Er kehrte ins Quatre Vents zurück. Riwal und Kadeg starrten ihn fragend an.
»Sehr gut, meine Herren. Wir werden morgen früh zeitig beginnen. Sagen wir: Treffen um acht hier. Wir werden die nächsten Tage beide Boote brauchen, Goulch und seine Truppe – und die Luc’hed. Zudem sollten die Hubschrauber permanent zur Verfügung stehen. – Wir müssen auf alles schnell reagieren können, es darf keine Rolle spielen, dass wir uns hier mitten im Nichts befinden.«
Dupins Ton hatte nun fast etwas Heiteres, was ihn selbst amüsierte.
»Dann treffen wir uns morgen früh um halb acht am Flughafen in Quimper?«
»Korrekt, Kadeg.«
Die Aussicht, gleich zusammen mit einem Entrecôte im Amiral zu sitzen, gab Dupin neue Energie.
»Haben wir schon mehr über Konan oder Pajot erfahren? Wir dürfen keinesfalls den Fehler machen, uns übermäßig auf Lefort zu kaprizieren, das wäre fahrlässig.«
Er war nicht sicher, ob er selbst glaubte, was er sagte.

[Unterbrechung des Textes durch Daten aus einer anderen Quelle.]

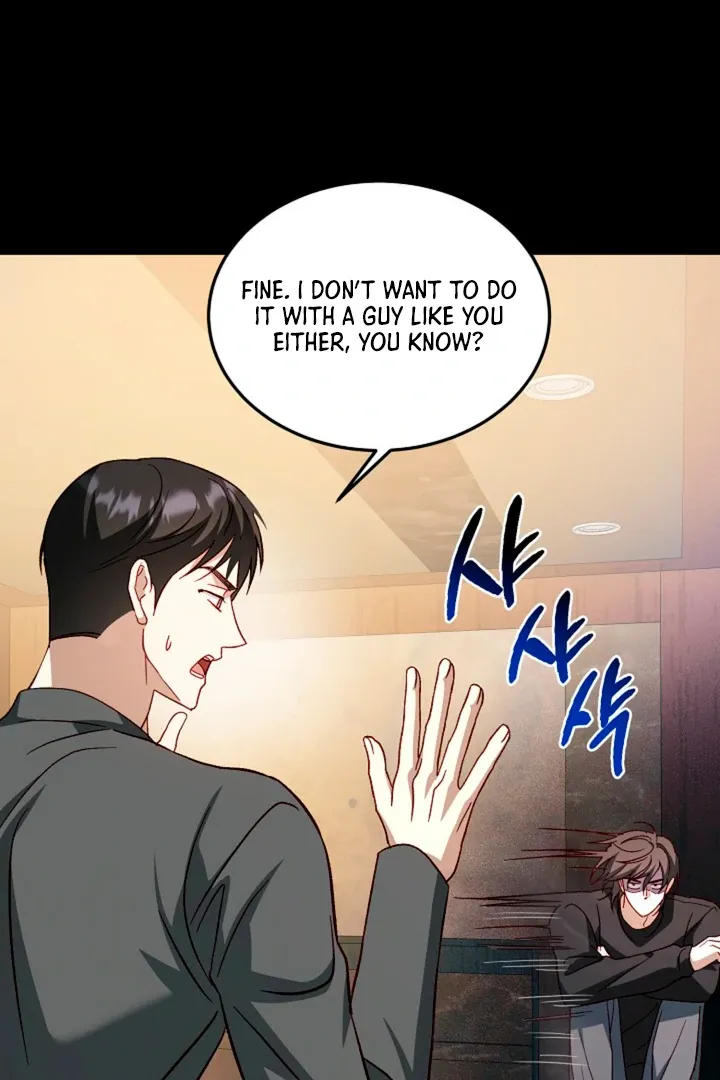 50% Interest Rate Chapter 6 page 19 -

»Wir müssen uns auch auf die Frage konzentrieren, welche Verbindungen es zwischen den dreien gab – was sie gemeinsamen unternommen, geplant haben, was auch immer. Ob es jemand auf alle drei zusammen abgesehen hatte. Dasselbe gilt für alle Zweierkombinationen: Lefort – Pajot, Pajot – Konan, Lefort – Konan. Dass der Mordanschlag nur einer Person gegolten haben könnte, ist«, Dupin brach kurz ab und runzelte die Stirn, »am unwahrscheinlichsten. Aber natürlich nicht auszuschließen.«
»Von den Gästen, mit denen wir heute Abend gesprochen haben, kannte niemand Monsieur Pajot persönlich, auch von den Stammgästen niemand. Monsieur Du Marhallac’h kannte den Namen, die anderen nicht einmal das – selbst Madame Nuz nicht«, berichtete Riwal. Auch er sprach von Solenn Nuz wie von der letzten Instanz aller Dinge.
Jetzt mischte sich auch Kadeg noch einmal mit eifrigem Gesicht ein.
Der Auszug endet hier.